Prometheus Configuration

prometheus/prometheus.yml:

# The global section specifies parameters for all metric collection configurations
global:
  # Default interval for scraping metrics
  scrape_interval: 10s
  # Interval for evaluating rules for alerts (more details in alerts.yml)
  evaluation_interval: 10s


# List of metric collection configurations
scrape_configs:
  # Name of the process collecting metrics
  - job_name: example-service
    static_configs:
      # List of domains/IPs from which metrics will be collected
      - targets:   
         - example.url.com
        # Additional data to be added to the record
        labels:
          # Project name
          instance_group: example_project
          # Application environment
          instance_env: test
          # Type of metric source
          instance_type: service
          # Team responsible for the project
          team: backend
. . .

To add a new service, you need to modify the config and restart Prometheus. You can enable configuration reloading at runtime, but we simply restart Prometheus during the rollout of a new config via CI/CD.

Collecting Metrics

Unlike Graphite or InfluxDB, Prometheus goes into services and fetches telemetry from them. For this to work, the service must provide an endpoint with information about its state in a format understandable by Prometheus — either their own format or OpenMetrics.

This is usually done using an exporter — a daemon that looks into the system logs, prepares telemetry, and provides it via HTTP/S. Ready-made exporters are already available for most existing services. In a simple case, you can implement /metrics in the application itself, for example, if you only want to check if the application is running and ready to handle requests.

Exporters usually work over HTTP without authentication by default, allowing anyone to access them. It’s essential to set up TLS and authorization. This can be done either through the exporter’s settings or with a proxy like Nginx.

Application Metrics

For all our projects, we use Nginx to proxy requests to the API. Therefore, we can build basic metrics from its logs. There is an official exporter from Nginx Inc. For the standard version of Nginx, you can get information about active connections and the number of processed requests, but we need more information, at least HTTP response codes and request processing time. The official exporter can collect this data from the Nginx API, but it is only available in the Nginx Plus version.

For free Nginx, there is an alternative exporter — martin-helmich/prometheus-nginxlog-exporter. To configure it, you need to specify the path and log format it will parse.

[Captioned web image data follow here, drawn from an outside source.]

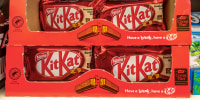 A box of KitKat bars on a shelf.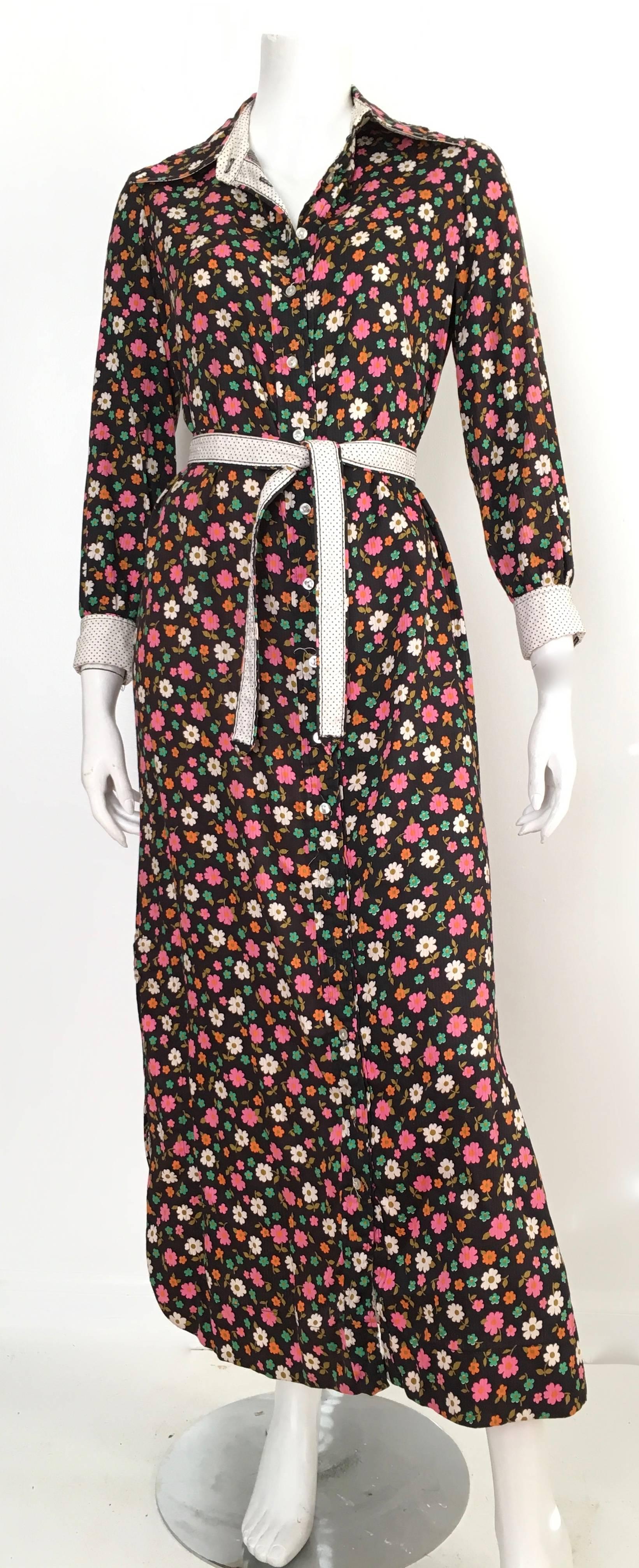Geoffrey Beene 1960s cotton floral pattern button up dress with belt is a vintage size 14 and fits like a modern USA size 8.  Ladies please grab your trusted tape measure so you can properly measure your bust, waist & hips to make certain this will
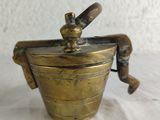 a small brass pot with a handle on a table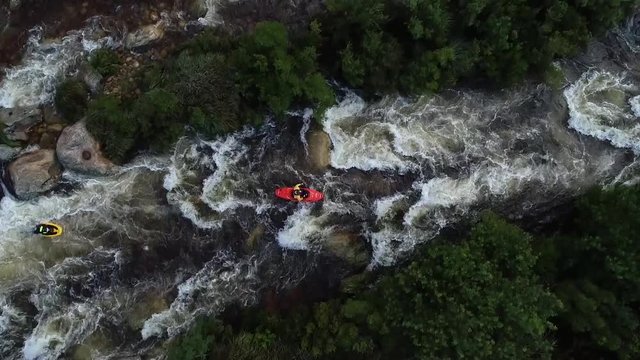 Aerial footage of white water kayaks paddling in the white water rapids on a freestone stream in the western cape of south africa during a winter storm.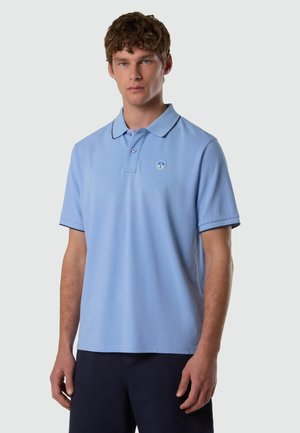 Jeune homme portant un polo bleu clair à manches courtes avec bordure foncée et un pantalon bleu marine, se tenant devant un fond gris uni.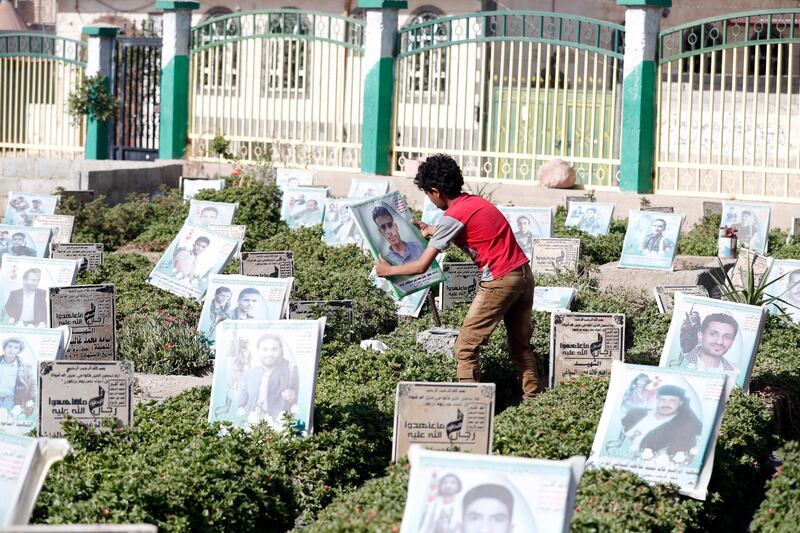 epa09249612 A Yemeni boy holds a picture of his relative at a cemetery dedicated to those who were allegedly killed in the country's ongoing conflict, in Sana'a, Yemen, 05 June 2021. An Omani delegation arrived in Houthi-held Sanaâ€™a, in fresh diplomatic efforts to persuade Houthi leaders to accept a UN proposal of nationwide ceasefire and to get involved in US and UN-sponsored peace talks with the Saudi-backed Yemeni government. Yemen's conflict erupted in 2014 when the Houthis seized control of the west and north of the country, including the capital Sanaâ€™a. It has been exacerbated since March 2015 after the Saudi-led coalition intervened to restore Yemenâ€™s internationally recognized government, claiming the lives of more than 233,000 people.  EPA/YAHYA ARHAB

You also need to set the bucket boundaries for histograms to see how much time was spent processing a certain fraction of requests. In the default Nginx log format, there is no information about response time, so we’ll change that too.

Nginx Configuration

nginx/default.conf:

# Log format
log_format timed_combined
   '$remote_addr - $remote_user [$time_local] '
   '"$request" $status $body_bytes_sent '
   '"$http_referer" "$http_user_agent" '
   'rt=$request_time uct="$upstream_connect_time" uht="$upstream_header_time" urt="$upstream_response_time"';


server {
   # Port that Nginx will listen on
   listen 80;

   # Forwarding requests to the API
   location / {
    # Log file
    access_log /var/log/nginx/app.log timed_combined;
    proxy_pass http://app:80/;
       . . .
   }

   # Forwarding requests to /metrics to the exporter
   location /metrics {
  # Logging is turned off to avoid affecting metrics
    access_log off;
   
    proxy_pass http://nginx-exporter:4040/metrics;
       . . .
   }
}

Nginx-exporter Configuration

nginx-exporter/config.hcl:

listen {
  # Port that the exporter will listen on
  port = 4040
  # Endpoint for fetching metrics
  metrics_endpoint = "/metrics"
}

namespace "nginx" {
  # Nginx log format for parsing
  format = "$remote_addr - $remote_user [$time_local] \"$request\" $status $body_bytes_sent \"$http_referer\" \"$http_user_agent\" rt=$request_time uct=\"$upstream_connect_time\" uht=\"$upstream_header_time\" urt=\"$upstream_response_time\""
  # Histogram bucket boundaries
  histogram_buckets = [.005, .01, .025, .05, .1, .25, .5, 1, 2.5, 5, 10]
  # Log source
  source {
    files = ["/var/log/nginx/app.log"]
  }
}

Here is an example application with Nginx and the exporter.

Server Metrics

It’s also important to collect metrics from the servers where applications are running — monitor CPU load, memory consumption, and disk usage. For collecting these metrics, Prometheus has an official exporter — prometheus/node_exporter. It runs as a daemon and periodically collects metrics from system files and interfaces.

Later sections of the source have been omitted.